When the Civil War began, the United States Navy’s Atlantic Squadron, commanded by Commodore Silas H. Stringham, sought to blockade the entire Eastern Seaboard of the Confederacy. It faced two major problems: a shortage of manpower and an abundance of fugitive slaves flocking to the Union fleet. The commander of one vessel, Commander O.S. Glisson, had fifteen refugees on his ship, none of whom he intended to return to their owners. Glisson wrote to Commodore Stringham asking for advice, and Stringham wrote to Secretary of the Navy Gideon Welles with an idea. Arguing that “if Negroes are to be used in this contest . . . they should be used to preserve the Government,” Stringham asked permission to recruit these fugitive slaves. Secretary Welles knew the Navy needed men, so he approved the request.

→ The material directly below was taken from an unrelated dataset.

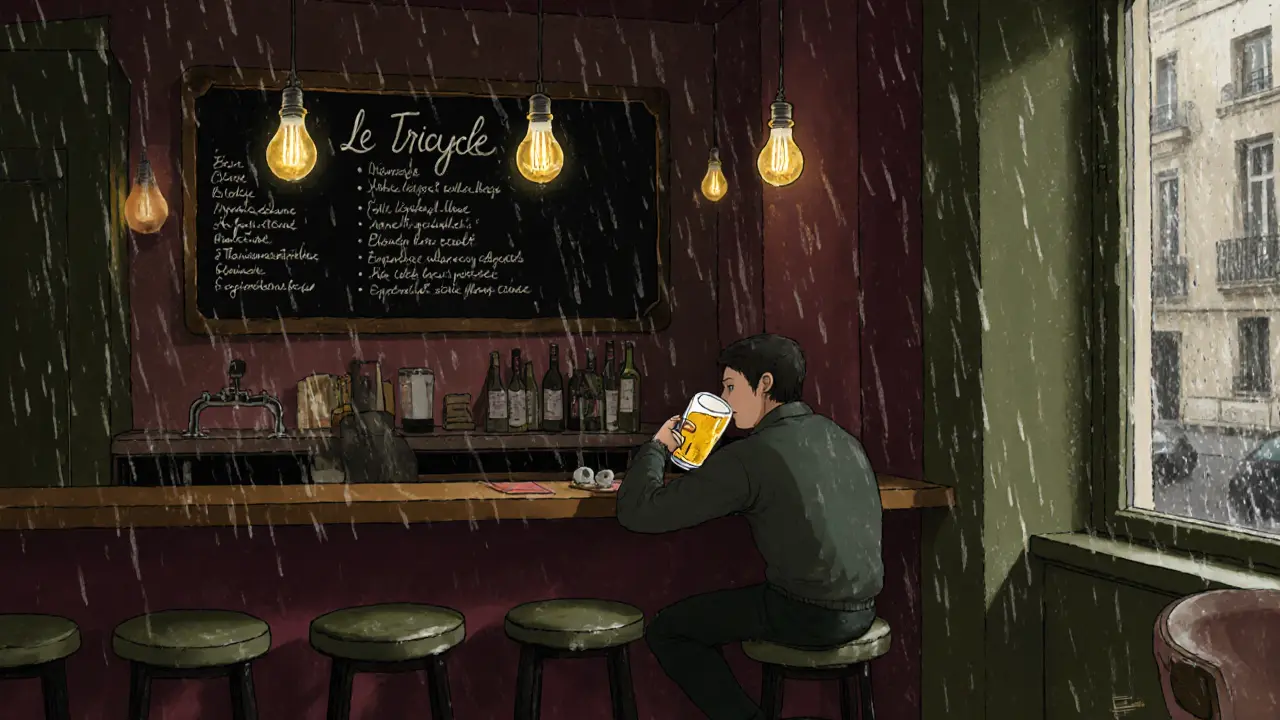 Cozy bar Le Tricycle with patron sipping hazy IPA under a single hanging bulb.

Two factors made this solution possible. The first was the Navy’s perennial manpower problem. Ever since the Revolutionary War, the Navy had never had enough sailors. Time and again, they turned to African Americans for help filling the ranks. While a quota had been instituted in the 1830s, it was dropped in 1862 when the Second Confiscation Act and the Militia Act became law. The latter technically allowed African-American recruitment for any kind of military service, so the Navy took full advantage. The second factor behind Welles’s decision was the naval recruiting process itself. Naval recruitment was a federal responsibility, so the states had no say in how—or who—the Navy recruited. This put the Navy a couple of years ahead of the Army, which relied largely on state-based recruitment and did not allow African-American enlistment until 1863.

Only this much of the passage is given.